● **ACTIVITY**
The answer must be an exact copy of the entries that follow, with all images removed.

RECORDS FOR THIS EXERCISE below:

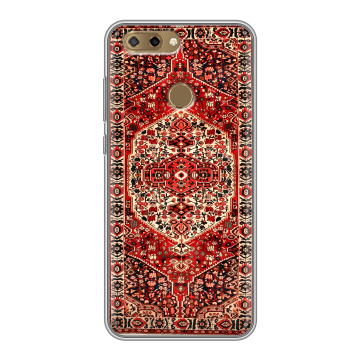 Силиконовый чехол на ZTE Blade V9 Vita с принтом Ковер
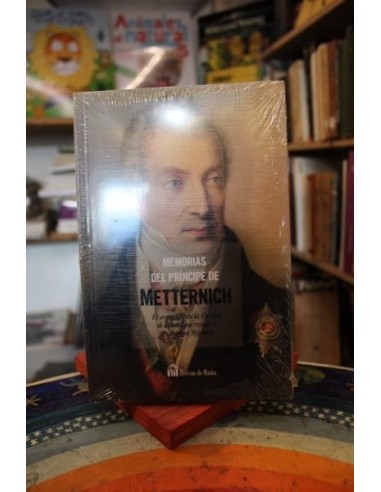 Memorias del príncipe de Metternich...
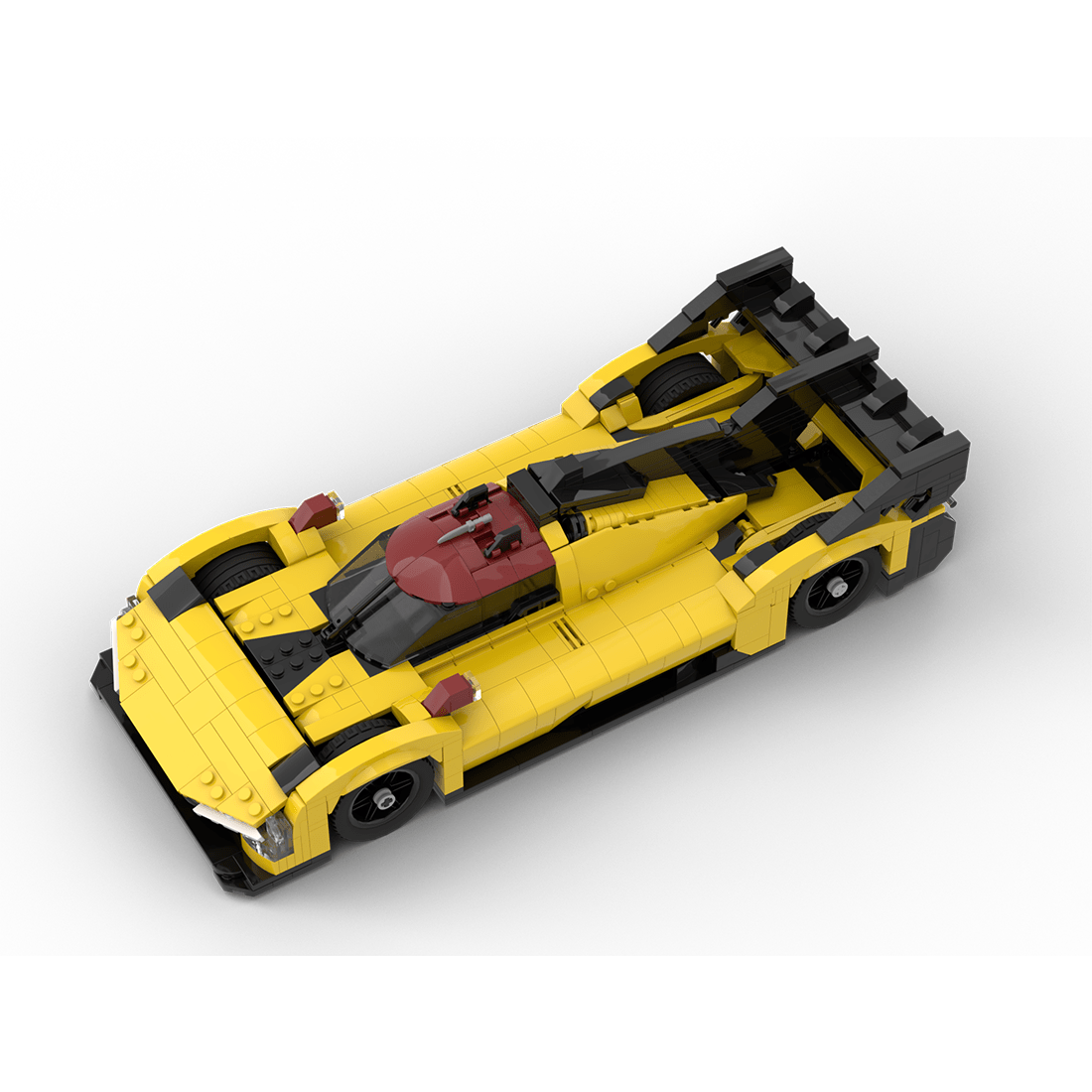 1/15 Scale Racing Car Building Blocks - LesDiy - Building Blocks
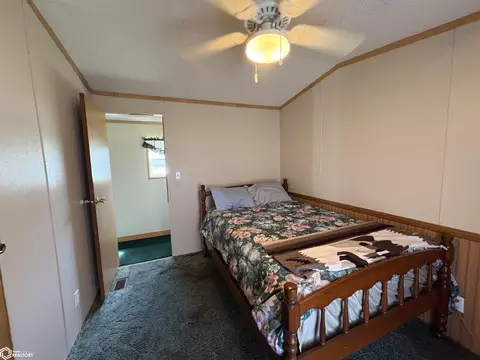 Bedroom - 5218 2nd Ct, Melrose, IA 52569 photo 3 of 5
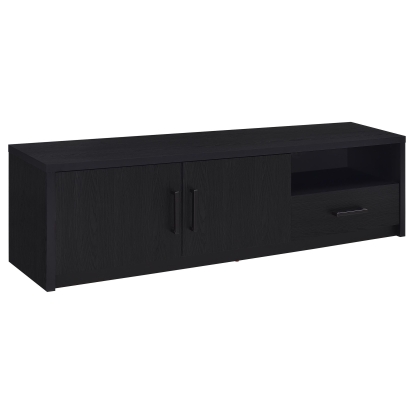 Coaster Murray Contemporary Black 70" Tv Stand Model 706213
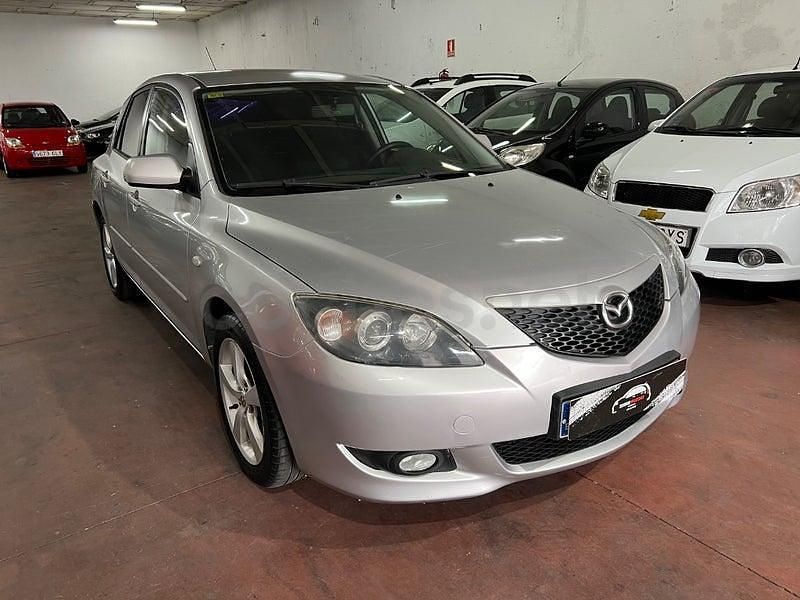 Usado Mazda 3 Active 109 CV (80 kW) 2005 Gris / plata Berlina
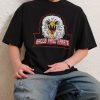 Eagle Fang Karate Logo Oversized Tee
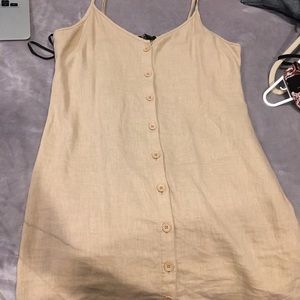 Nude dress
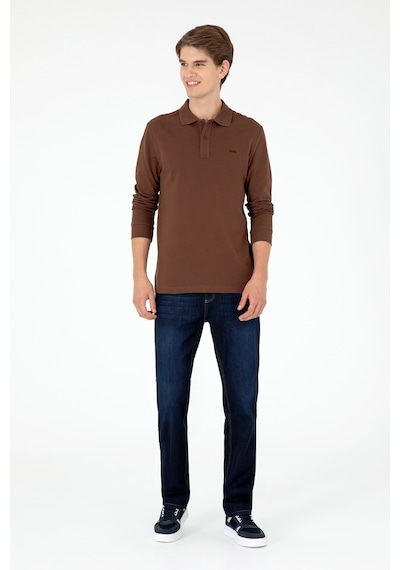 U.s. Polo Assn. Erkek Kahverengi Sweatshirt 50295169-vr029 Kahverengi U.s. Polo Assn. Erkek Kahverengi Sweatshirt 50295169-vr029 Kahverengi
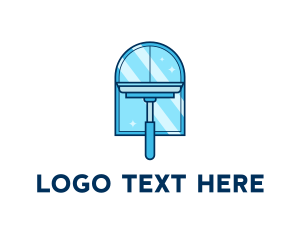 Window - Window Cleaning Sanitation logo design
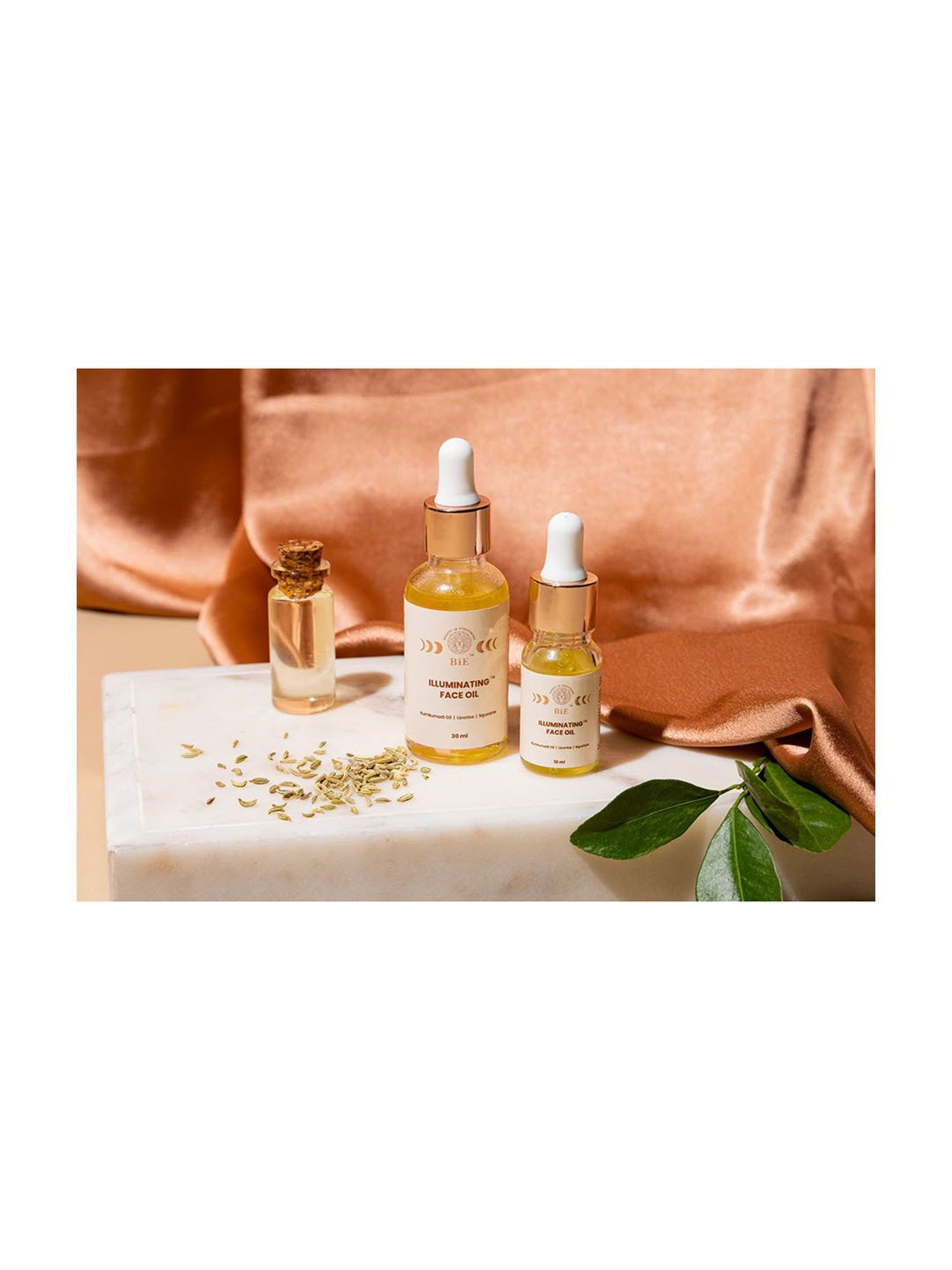 BiE Illuminating Face Oil - 10 ml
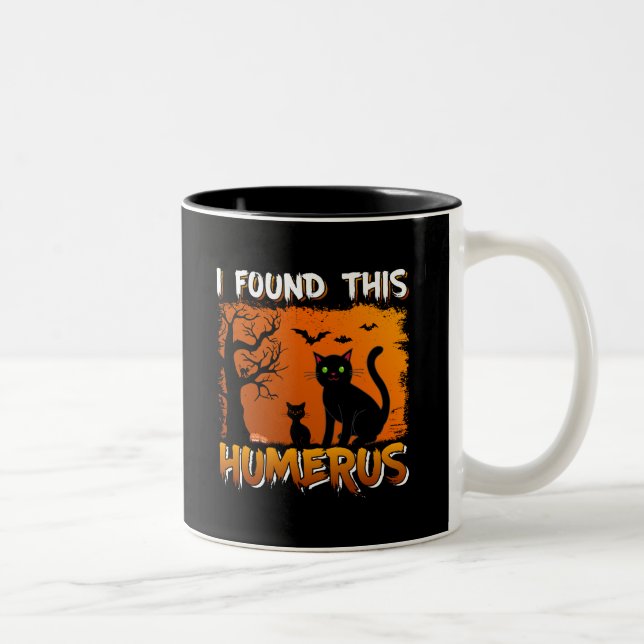 Taza Bicolor Encontré Este Humerus (Derecha)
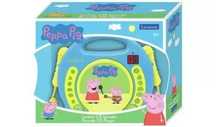 Przenośny odtwarzacz CD Świnka Peppa Lexibook RCDK100PP. Lexibook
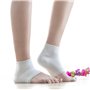 Chaussettes Hydratantes avec des Coussinets en Gel et des Huiles Natur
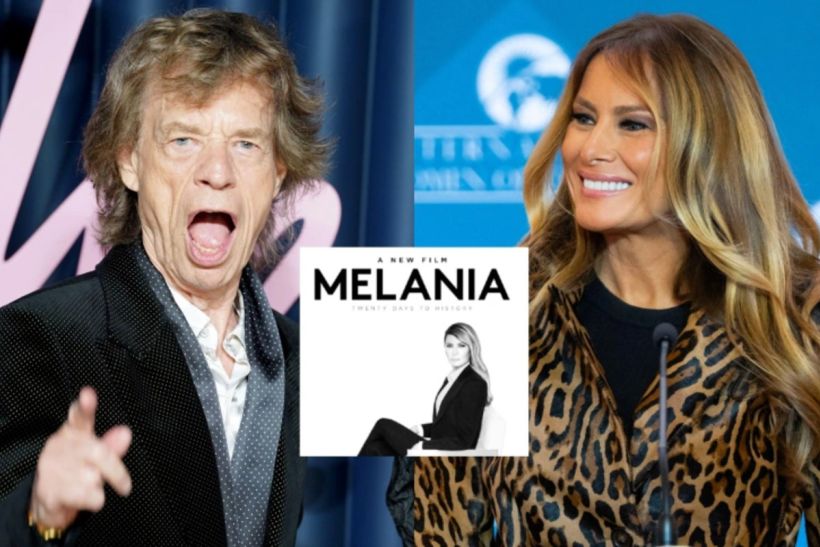 Διαμάχη για την «ευλογία» του Μικ Τζάγκερ στο Melania και τη χρήση των Rolling Stones
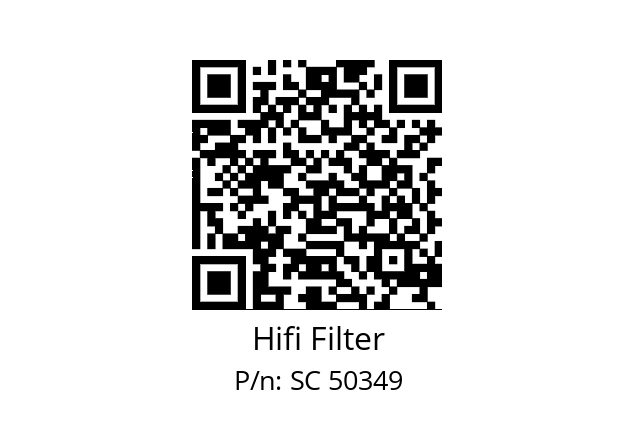   Hifi Filter SC 50349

End of RECORDS FOR THIS EXERCISE.

● **ANSWER SECTION**
 Силиконовый чехол на ZTE Blade V9 Vita с принтом Ковер
 Memorias del príncipe de Metternich...
 1/15 Scale Racing Car Building Blocks - LesDiy - Building Blocks
 Bedroom - 5218 2nd Ct, Melrose, IA 52569 photo 3 of 5
 Coaster Murray Contemporary Black 70" Tv Stand Model 706213
 Usado Mazda 3 Active 109 CV (80 kW) 2005 Gris / plata Berlina
 Eagle Fang Karate Logo Oversized Tee
 Nude dress
 U.s. Polo Assn. Erkek Kahverengi Sweatshirt 50295169-vr029 Kahverengi U.s. Polo Assn. Erkek Kahverengi Sweatshirt 50295169-vr029 Kahverengi
 Window - Window Cleaning Sanitation logo design
 BiE Illuminating Face Oil - 10 ml
 Taza Bicolor Encontré Este Humerus (Derecha)
 Przenośny odtwarzacz CD Świnka Peppa Lexibook RCDK100PP. Lexibook
 Chaussettes Hydratantes avec des Coussinets en Gel et des Huiles Natur
 Διαμάχη για την «ευλογία» του Μικ Τζάγκερ στο Melania και τη χρήση των Rolling Stones
   Hifi Filter SC 50349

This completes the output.